Se i poveri difendono le ragioni dei ricchi invece di non essere più poveri allora la lotta di classe è finita

«Finché c’è in giro un solo ricco che rischia di essere tassato non mi sentirò mai completamente libero» è il nuovo comandamento morale che si è infilato nella narrazione imperante; è l’evoluzione successiva al fingersi ricco per bullarsi al bar del paesello (una roba che fa tanto Anni 80) che poi si è evoluto nel professarsi in qualche esotica vacanza inventata sul proprio profilo Facebook, che poi si è evoluto nelle foto da sboroni su Instagram e che ora è sfociato nel diventare sindacalisti dei ricchi per lasciare intendere di avere un appartamentino da un milione di euro che la nonna si prepara a lasciare in eredità. Non c’è che dire: se l’egemonia culturale è la propagazione artefatta di una chiave unica di lettura allora i poveri che ragionano come i ricchi (senza nemmeno pretendere furiosamente di non essere più poveri) è la chiara, definitiva vittoria della lotta di classe. Hanno vinto loro.

Gli aiuti economici per i poveri sono volgari ‘sussidi’, quelli riservati ai ricchi scintillanti ‘incentivi’

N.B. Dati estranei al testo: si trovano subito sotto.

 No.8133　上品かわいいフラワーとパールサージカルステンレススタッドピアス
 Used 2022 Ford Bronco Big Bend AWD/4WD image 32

Per carità, che i ricchi si ingegnino per difendersi è un atteggiamento naturale e comprensibile, partiti e associazioni nascono per salvaguardare gli interessi di una precisa parte di persone dalla notte dei tempi, e che si ingegnino per proporre espedienti culturali è una componente delle strategia generale: non è un caso che qui dalle nostre parti da anni gli aiuti economici dati ai poveri vengano volgarmente chiamati sussidi (da pronunciare con con uno schifato sputacchiamento incorporato) mentre i soldi ai ricchi si siano meritati lo scintillante appellativo di “incentivi”. Anche la reazione dell’arco parlamentare era prevedibile: diventa sempre più attuale l’analisi che Noam Chomsky fece degli Usa e che vale anche qui, di un parlamento in cui c’è solamente un partito, il business party, diviso in varie fazioni per garantire il pluralismo formale, che sempre più spesso tutela gli interessi di una minoranza con politiche che vengono rivendute come soluzioni ai problemi di tutta la società.

L’indignazione per una normale tassa di successione fotografa un Paese che non ha concordanza con i numeri reali

Ma la levata di scudi contro il Reddito di cittadinanza affiancata alla popolosa indignazione per una normale tassa di successione fotografa un Paese che non ha nessuna concordanza con i numeri reali: o siamo un popolo di ricchi a nostra insaputa oppure si è incastrato qualche meccanismo di percezione della realtà. Oppure, più semplicemente, siamo ingolfati da una masnada di editorialisti che al pari di Marcello Sorgi possono andare in scioltezza in televisione e dire piacioni: «Chi di noi non ha vissuto in una casa da un milione di euro?». Senza nemmeno temere uno scapellotto dal Paese reale che viene evocato in ogni editoriale di imbiancati opinionisti rinchiusi nella torre d’avorio.

Le barricate della politica alla proposta vagamente di sinistra scappata a Enrico Letta

Così si chiude questa settimana in cui ogni utente Twitter ha avuto la sua occasione di quindici minuti di fama accolto nell’esercito di quelli che ha sempre sognato di riuscire a frequentare. Enrico Letta, a cui è scappata per distrazione una proposta vagamente di sinistra, si è ritrovato a difendersi anche dal fuoco amico (deve essere nel karma di Letta, è evidente).

Il resto è il solito gioco di tutte le settimane: Salvini ha risposto con una bella foto in cui beve una spremuta condita da un intenso ragionamento politico («Per me spremuta d’arancia, per Letta spremuta di tasse … Buon venerdì Amici»), nel Pd qualcuno ha puntualizzato che l’imposta di successione è solo un’idea per il governo successivo (dimenticandosi di buttare un occhio ai sondaggi), Draghi ha fatto il Draghi. Ma il capolavoro deve essere avvenuto nella testa del presidente di Regione Lombardia Attilio Fontana che avrà sicuramente dormito malissimo all’idea di dover pagare un’imposta di successione a sua insaputa. Buon fine settimana.